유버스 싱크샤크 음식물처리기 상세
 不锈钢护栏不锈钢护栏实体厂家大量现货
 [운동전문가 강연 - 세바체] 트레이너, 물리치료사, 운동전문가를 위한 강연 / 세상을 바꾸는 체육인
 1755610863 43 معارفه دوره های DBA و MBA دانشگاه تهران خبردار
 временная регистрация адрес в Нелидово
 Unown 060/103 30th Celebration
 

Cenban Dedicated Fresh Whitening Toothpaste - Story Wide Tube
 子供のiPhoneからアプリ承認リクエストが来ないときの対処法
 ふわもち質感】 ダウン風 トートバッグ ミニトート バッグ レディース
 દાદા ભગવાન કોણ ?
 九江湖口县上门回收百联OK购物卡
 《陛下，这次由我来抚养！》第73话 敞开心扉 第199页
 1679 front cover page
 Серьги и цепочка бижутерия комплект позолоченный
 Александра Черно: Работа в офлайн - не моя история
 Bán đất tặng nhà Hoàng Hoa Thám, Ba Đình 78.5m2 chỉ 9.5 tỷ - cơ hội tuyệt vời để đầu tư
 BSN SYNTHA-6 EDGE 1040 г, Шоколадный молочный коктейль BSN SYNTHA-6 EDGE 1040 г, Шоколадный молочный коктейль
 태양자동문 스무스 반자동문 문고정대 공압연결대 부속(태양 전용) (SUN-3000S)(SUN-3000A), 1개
^^^^^^^^
# [PROBLEM DESCRIPTION]
Using the material above, transcribe exactly the lines from the line with "1679 front cover page" to the line with "Bán đất tặng"; both count, and nothing else goes in.

# [EXERCISE SOLUTION]
 1679 front cover page
 Серьги и цепочка бижутерия комплект позолоченный
 Александра Черно: Работа в офлайн - не моя история
 Bán đất tặng nhà Hoàng Hoa Thám, Ba Đình 78.5m2 chỉ 9.5 tỷ - cơ hội tuyệt vời để đầu tư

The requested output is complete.